What is required:
When you copy the listing, skip the images and return each line verbatim.

Extracted data:
++++++
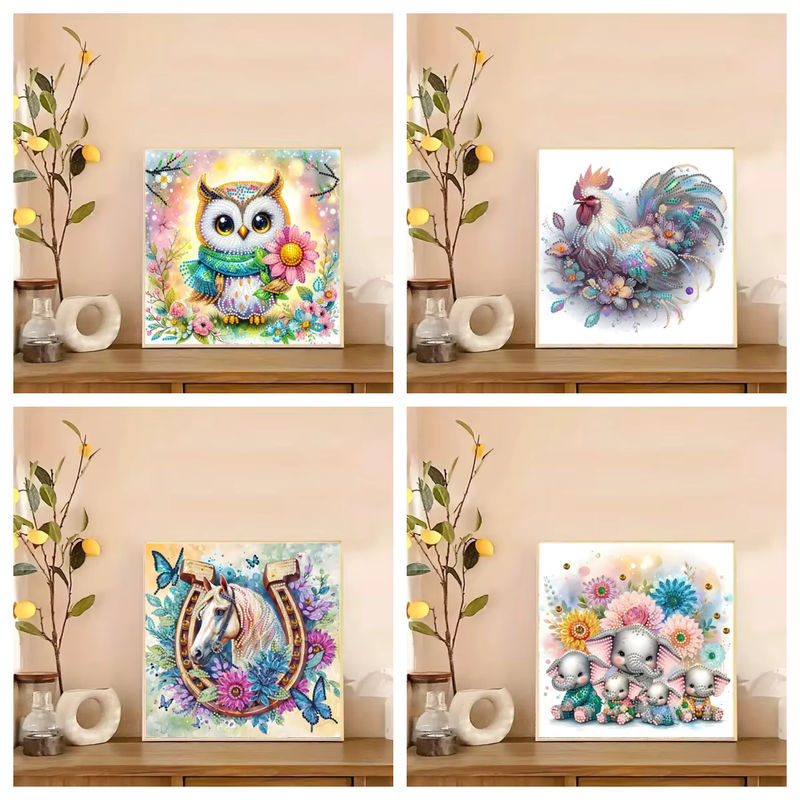 5D DIY Cartoon-Tier Diamantgemälde als Kristallleinwand in Mehrfarbig für Anfänger - Bild 3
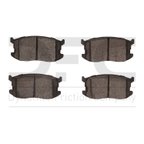 Dynamite Friction 1551-0297-00 Disc Brake Pad Set - Front - view 1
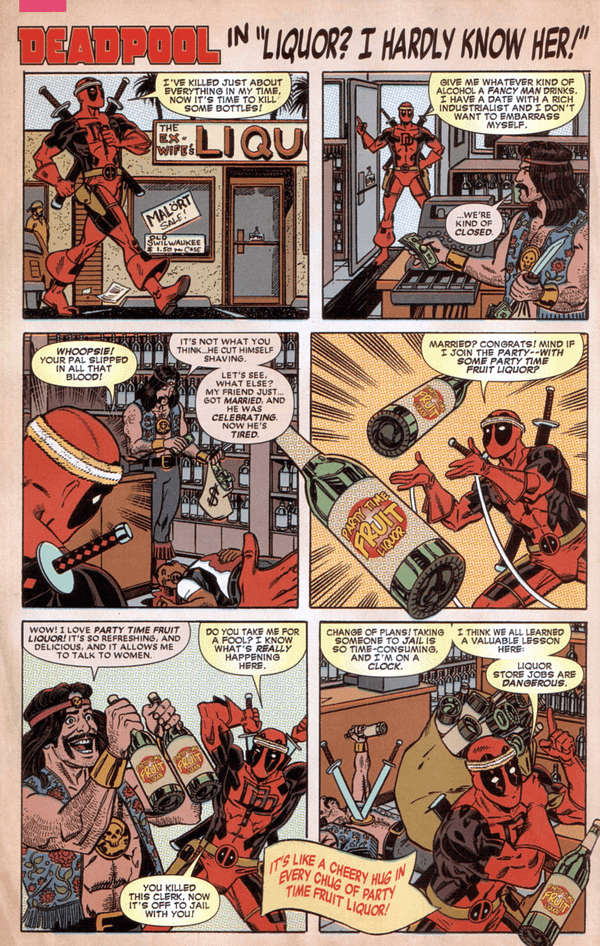 The Deadpool NotQuiteAHostessFruitPie Ad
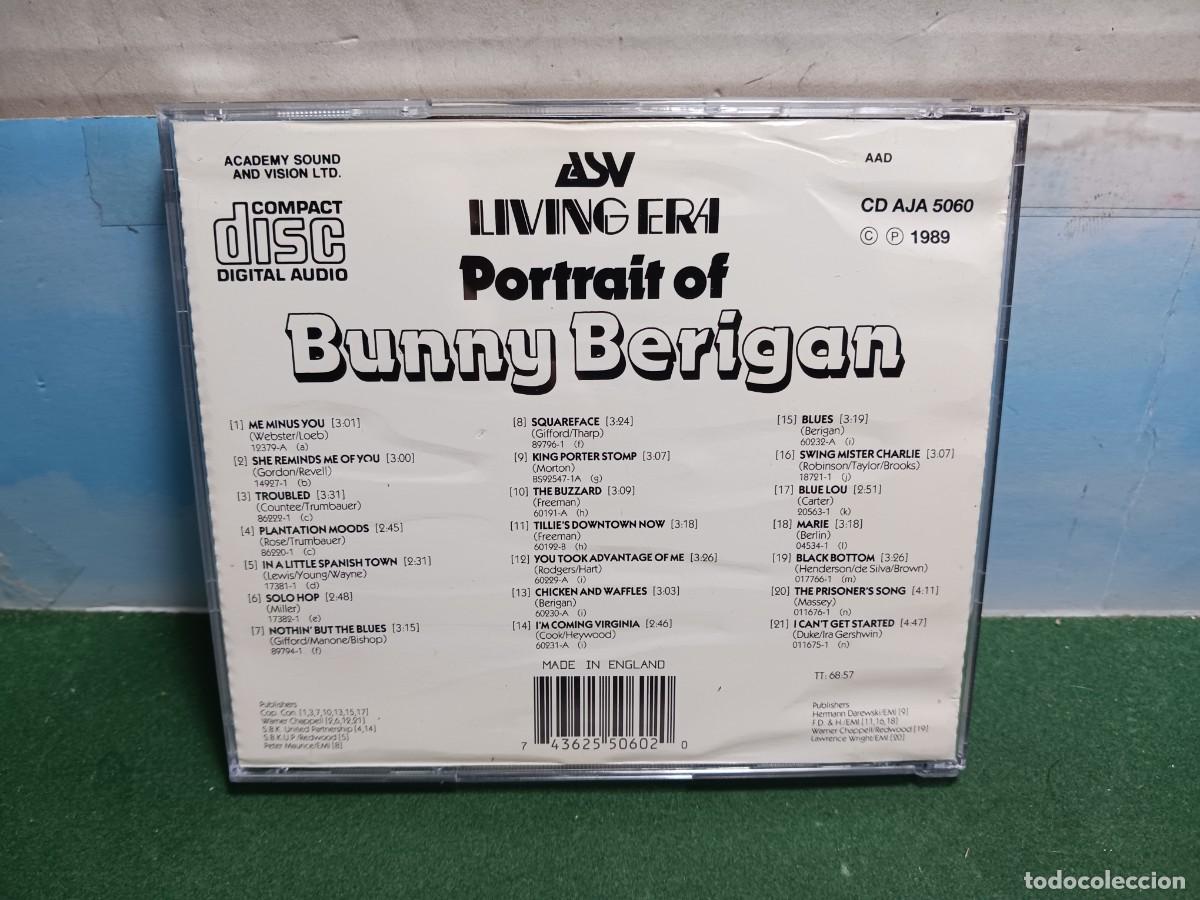 CDs de m&uacute;sica: BUNNY BERIGAN CD A PORTRAIT JAZZ - Foto 2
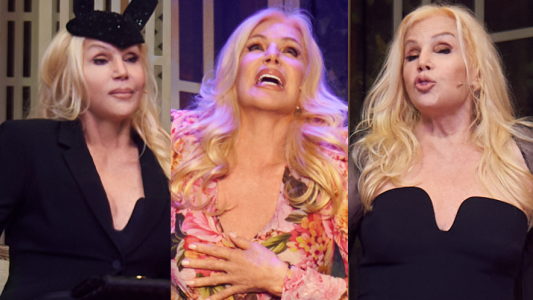 Susana Giménez furor fotos estreno "Piel de Judas"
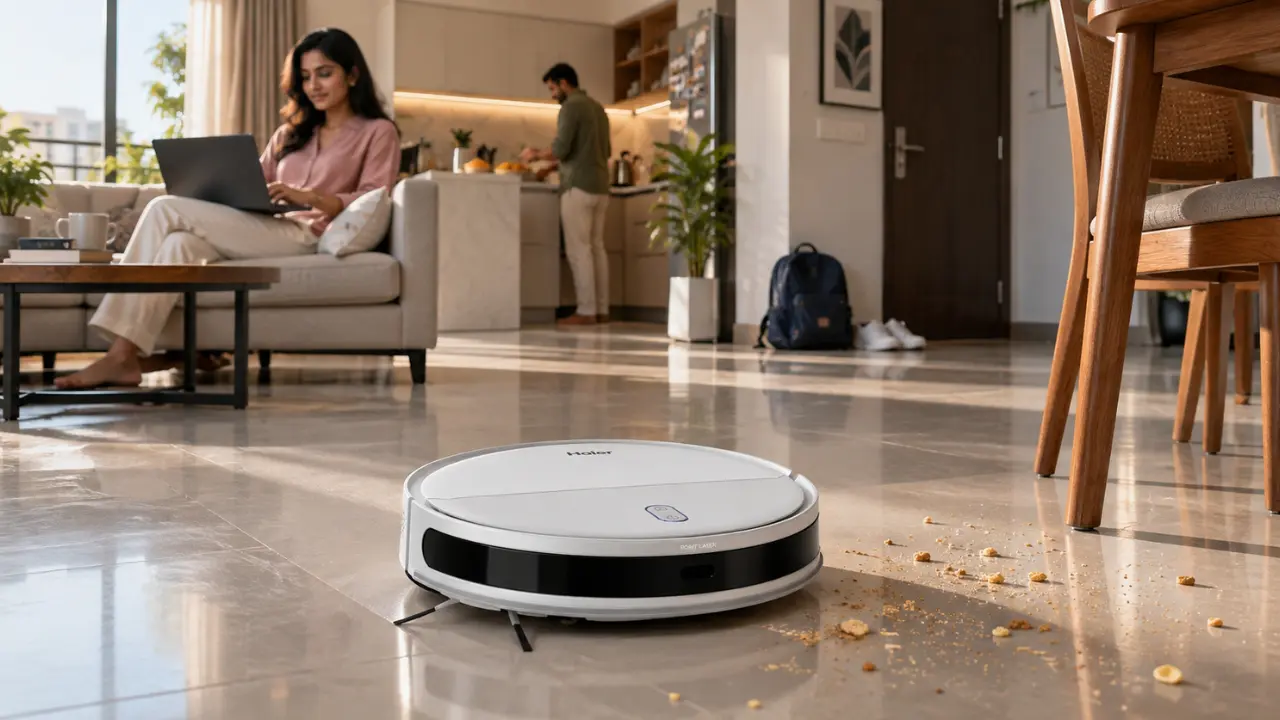 Daily Cleaning with Robot Vacuum Cleaner
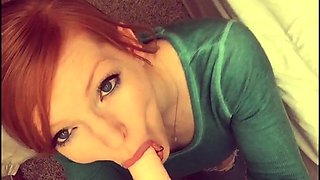 Skinny pierced amateur redhead rough fucking huge toys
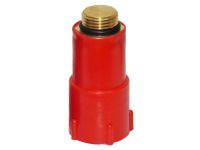 1142OTT001 Заглушка монтажна ЧЕРВОНА пластик/латунь Ø1/2" GO-PLAST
++++++
Worked solution:
 5D DIY Cartoon-Tier Diamantgemälde als Kristallleinwand in Mehrfarbig für Anfänger - Bild 3
 Dynamite Friction 1551-0297-00 Disc Brake Pad Set - Front - view 1
 The Deadpool NotQuiteAHostessFruitPie Ad
 CDs de m&uacute;sica: BUNNY BERIGAN CD A PORTRAIT JAZZ - Foto 2
 Susana Giménez furor fotos estreno "Piel de Judas"
 Daily Cleaning with Robot Vacuum Cleaner
 Skinny pierced amateur redhead rough fucking huge toys
 1142OTT001 Заглушка монтажна ЧЕРВОНА пластик/латунь Ø1/2" GO-PLAST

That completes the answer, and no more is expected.